Copy exactly the lines of the material below that fall between the line with "Canale Hotel & Suites" and the line with "XINYIDA Made in", both of those lines included; pictures stay out.

The records>
--- --- ---

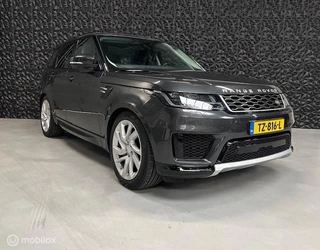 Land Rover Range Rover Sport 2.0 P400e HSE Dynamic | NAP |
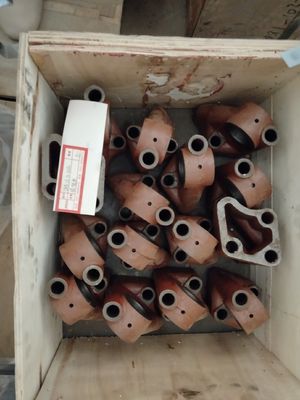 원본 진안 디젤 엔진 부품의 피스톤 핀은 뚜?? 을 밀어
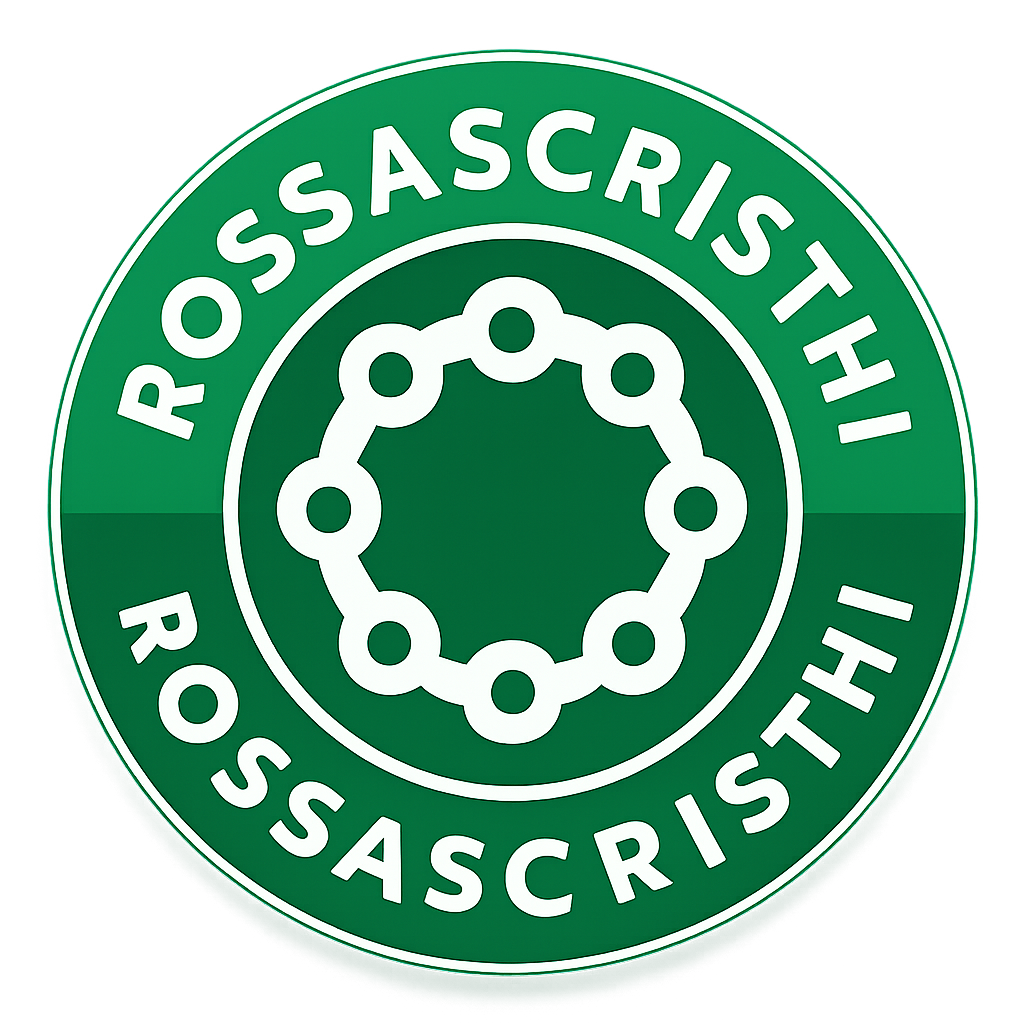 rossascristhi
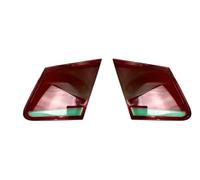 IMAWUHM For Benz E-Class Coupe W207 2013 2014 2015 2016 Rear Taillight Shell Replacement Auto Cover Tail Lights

--- --- ---

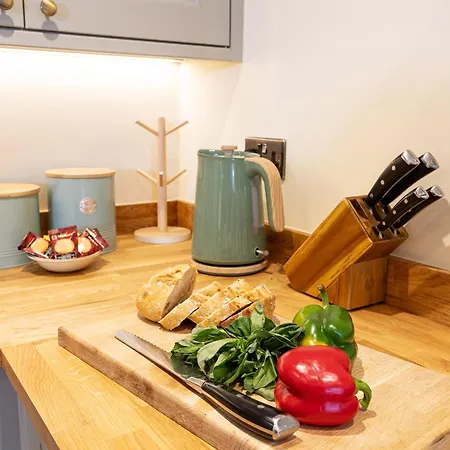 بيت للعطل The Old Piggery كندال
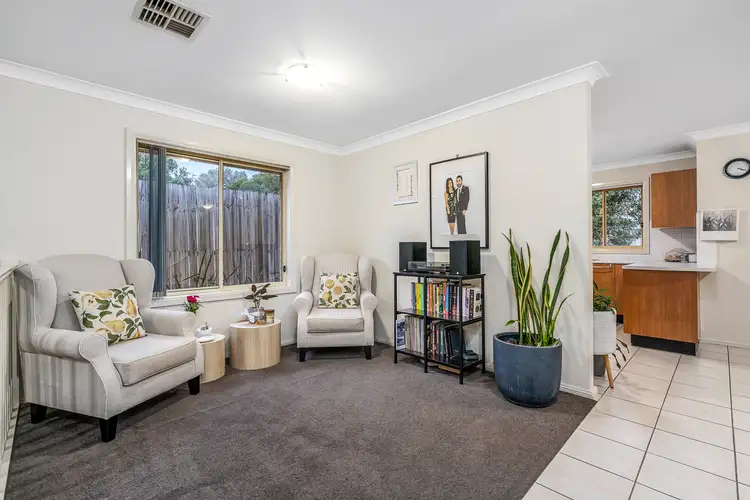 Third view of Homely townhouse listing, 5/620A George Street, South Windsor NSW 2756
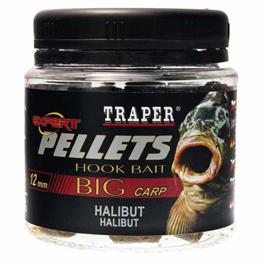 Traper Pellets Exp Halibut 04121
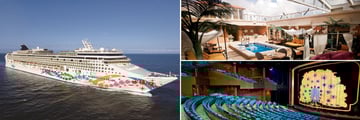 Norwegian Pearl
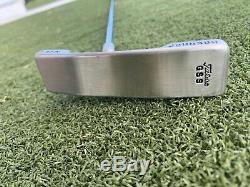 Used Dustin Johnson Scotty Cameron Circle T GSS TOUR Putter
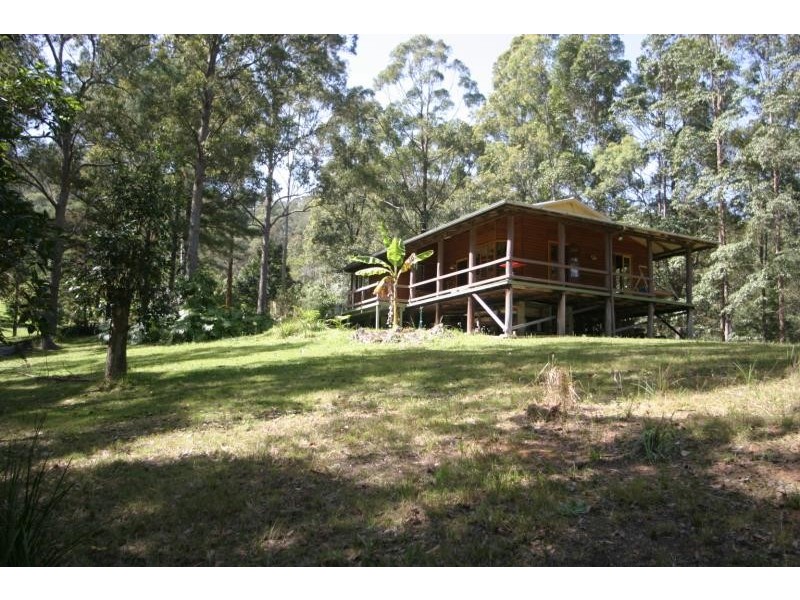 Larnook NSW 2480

--- --- ---

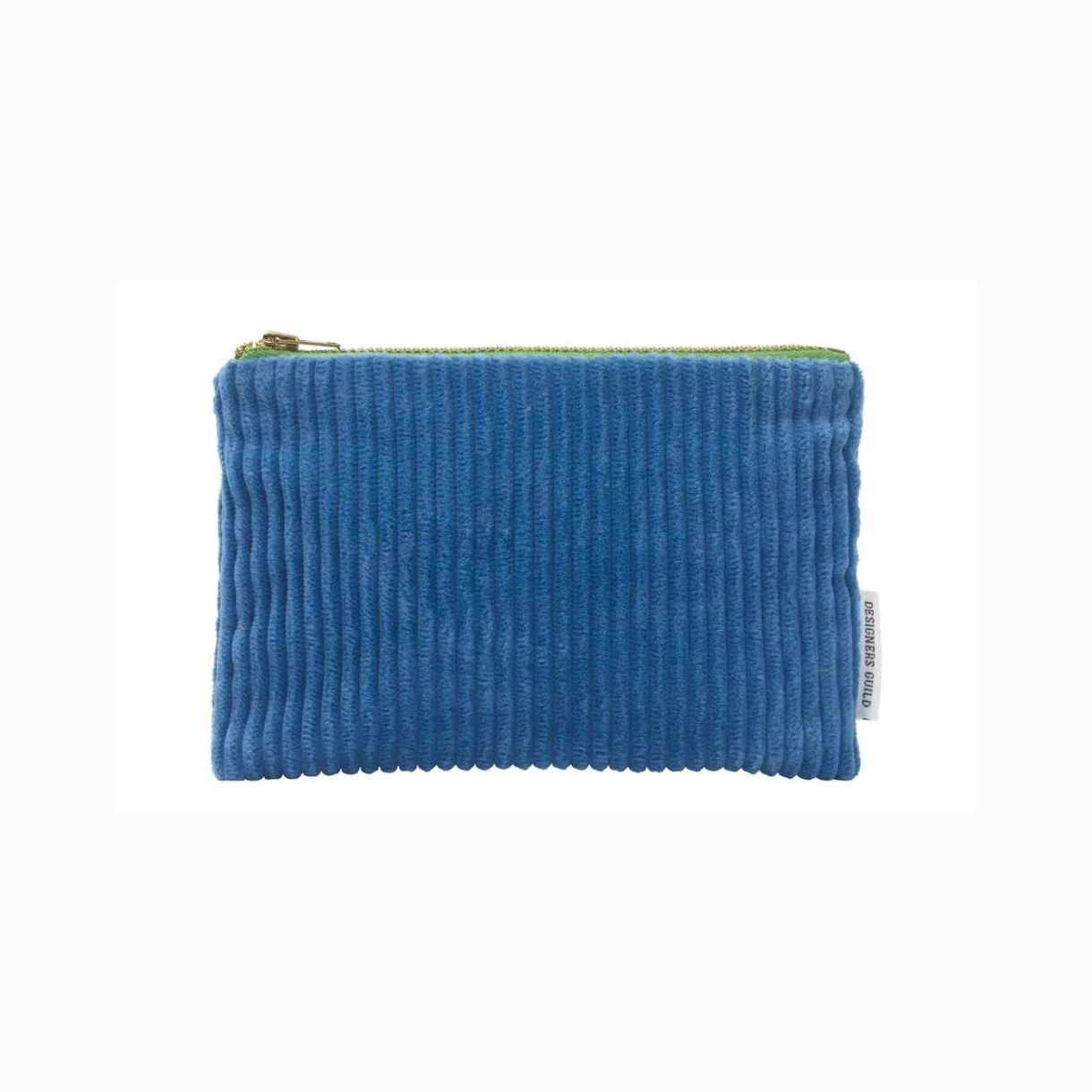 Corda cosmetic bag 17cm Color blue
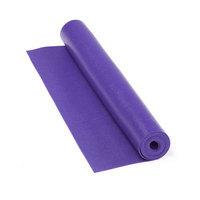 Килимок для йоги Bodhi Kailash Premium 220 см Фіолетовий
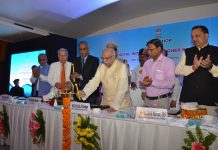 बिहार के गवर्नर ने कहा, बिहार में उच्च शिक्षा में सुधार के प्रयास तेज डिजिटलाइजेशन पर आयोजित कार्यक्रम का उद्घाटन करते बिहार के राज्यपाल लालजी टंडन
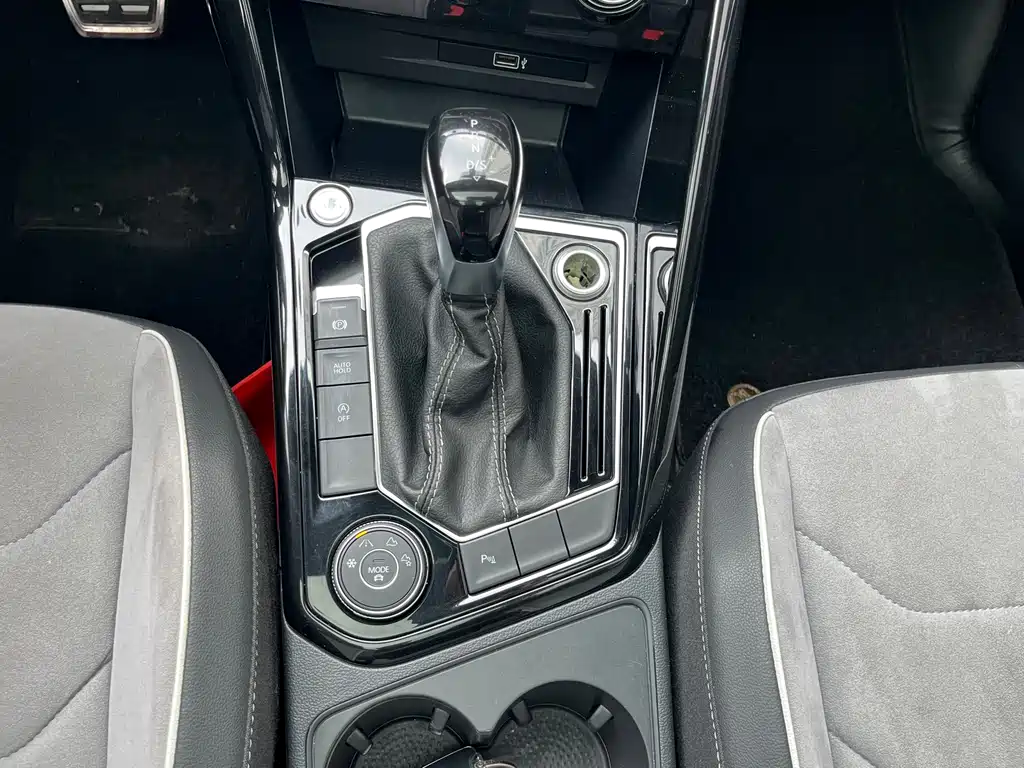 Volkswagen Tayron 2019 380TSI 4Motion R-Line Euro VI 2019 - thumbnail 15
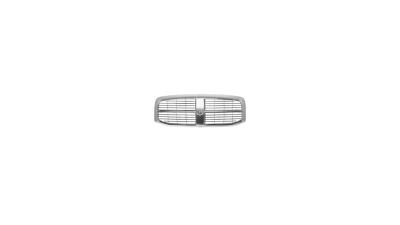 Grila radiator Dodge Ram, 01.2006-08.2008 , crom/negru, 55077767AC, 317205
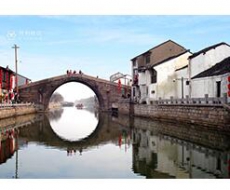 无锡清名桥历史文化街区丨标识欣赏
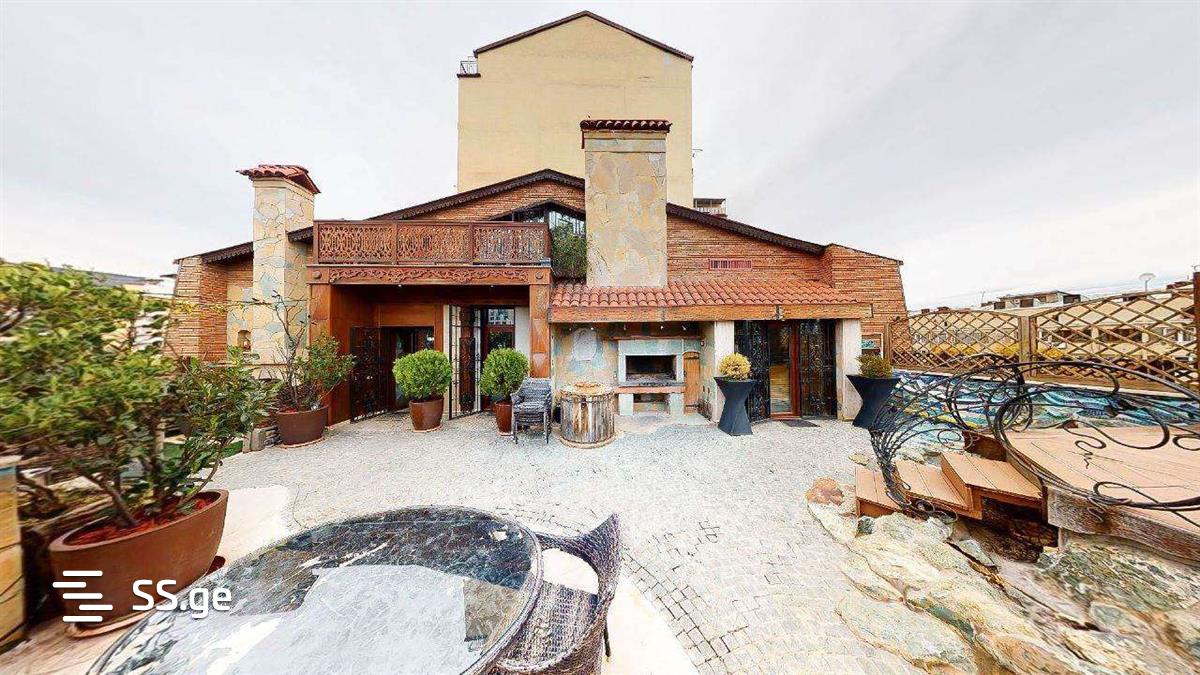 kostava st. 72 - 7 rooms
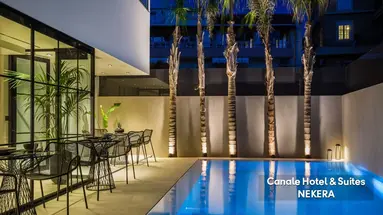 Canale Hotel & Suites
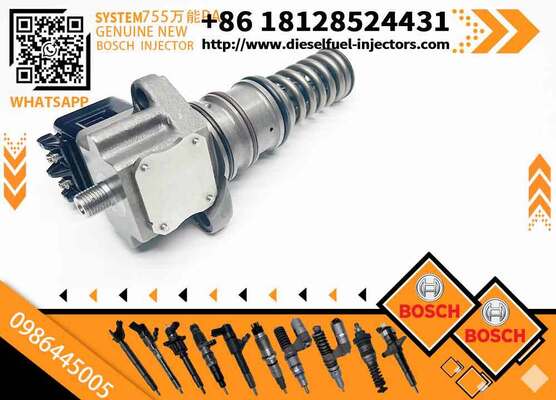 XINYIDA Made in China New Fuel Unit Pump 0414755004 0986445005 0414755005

--- --- ---

Answer to the problem>
 Canale Hotel & Suites
 XINYIDA Made in China New Fuel Unit Pump 0414755004 0986445005 0414755005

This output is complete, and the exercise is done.